Alan Burnett said...

Sounds like a good time to me - whatever the hour. Happy New Year Vicki from Yorkshire.

Brian Miller said...

nice...glad it was a good new year...and def building new traditions on the old is a wonderful thing as well....ours was pretty quiet, just the fam and a bit of fun...

Deanna said...

Nice and quiet - and the decorations are down. Yea. Your celebration sounds perfect. Love the way your dining room window leads the eye to the outside world. Beautiful.

Vagabonde said...

I think the tradition depends on the culture you are from. Since I have been living in the South I cook hoppin’ John on New Year’s Day – but because we like it. My original culture, in France, was that Christmas was mostly for children and not a very big celebration once you were grown up (unless you were a “croyant” a believer, and there are not many left there.) New Year is the big celebration in France, especially in Paris (and that is when people send cards, for New Year, not Christmas.) I loved going down the Champs Elysées, all lighted, and at midnight all the cars blow their horns! Once I was in Algiers, Algeria, for New Year and all the ships in the bay blew their horns, that was nice too – they had a big celebration there too (of course they don’t celebrate Christmas since they are Muslim.) I miss Paris a lot at New Year’s time as it is so much fun there. My father’s family celebrated Christmas on January 6th so in my house we always kept the Christmas decorations until then, even though only my father went to church (sometimes, but rarely.) I was in London many times at New Year and there also it was quite a show. Another year I was in West Africa for New Year, in Gabon. My! we consumed so much Champagne and everyone was kissed – we had so much fun, but here in Georgia – not so much.

Jill said...

We did the same thing except we made vegetable soup with beef. It was a good day to rest and recover from Christmas festivities. Beautiful photos as always!

Star said...

No New Year traditions in my house Vicki, not yet at least. I don't stay up either although I am invariably woken up by fireworks at midnight! I'm a home bird, me, wherever my home happens to be. Last year I was in Tennessee, this year in London but home is home.
Apparently only 18% of people over here went to parties this year.

Thérèse said...

How cozy was my first, and last thought, before writing this!
Traditions feel good and soups are the best way to recover from the "too much eaten" during the previous days...
Hoping you are feeling much better with your knee by now.

Frances said...

Vicki, I do like your New Year's Eve variation, and have enjoyed reading the prior comments, too.

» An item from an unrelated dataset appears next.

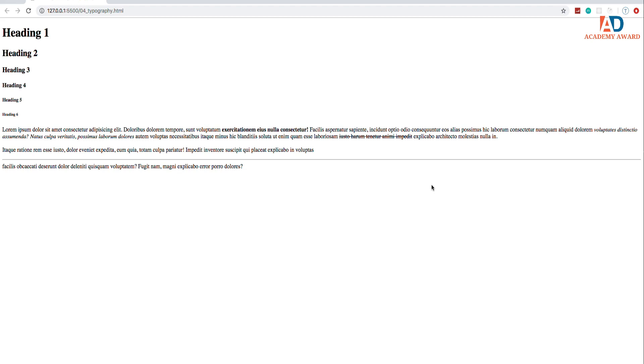All right. So in the next video, we're going to take a look at links, hyperlinks. And we're going to also look at embedding images into a web page.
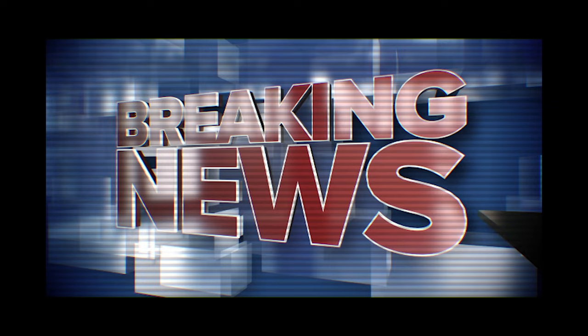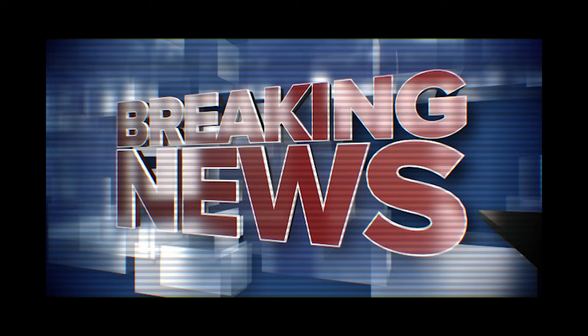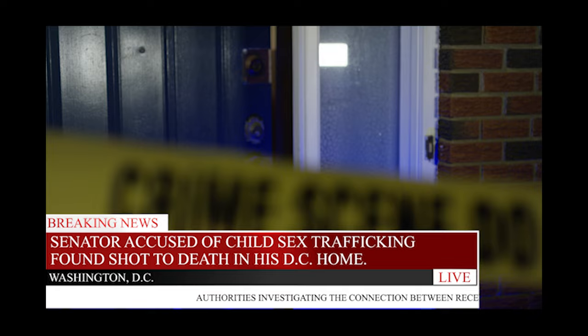A major law enforcement operation ends with the rescue of three sex trafficking victims. Fox 13 news reporter Chris Arnold explains how this operation may have kept even more people from being victimized.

Here in New York City, I would never, never want to be part of the Times Square crowd. On many recent years, I've worked on Dec. 31, and have found my homeward bound subway ride, which involves a transfer "under" Times Square to be entertaining enough, and much warmer.

This year I was lucky to have the 31st off, and loved the relaxation of the day and having an early evening, too. Black eyed peas featured on Jan. 1, but I incorporate them into my own free lance pasta concoction rather than going the Hopping John route.

Best wishes to you as 2013 sets sail. xo

katy gilmore said...

I love all these new beginnings for a fresh year! and love your blue and yellow! Katy

Merisi said...

Your New Year's Eve sounds perfect to me (including the bit about going to bed before the stroke of midnight!).

I have tried a bit of everything on New Year's Eve. One of my first dinner parties as an almost adult which was memorable mostly for the long wait for midnight and the location, a splendid villa on old Via Appia in Rome. Another one was going to bed early and getting up at 4:00 AM on New Year's day, to take the Greyhound up to New York - that was fun!

Vienna sweeps out the old year in quite spectacular fashion: all over the city center live music, a different genre on every square, and people walk around, taking breaks at open punch and bubbly stands in the festively lit city. When the clock strikes midnight, everybody stops to listen to the Pummerin, the venerable bell of St. Stephen's cathedral. Afterwards, it's waltzing for everybody to the Blue Danube waltz. The bell and waltz are also broadcast over the radio, so everyone can take part in this. Even people who like me stayed home.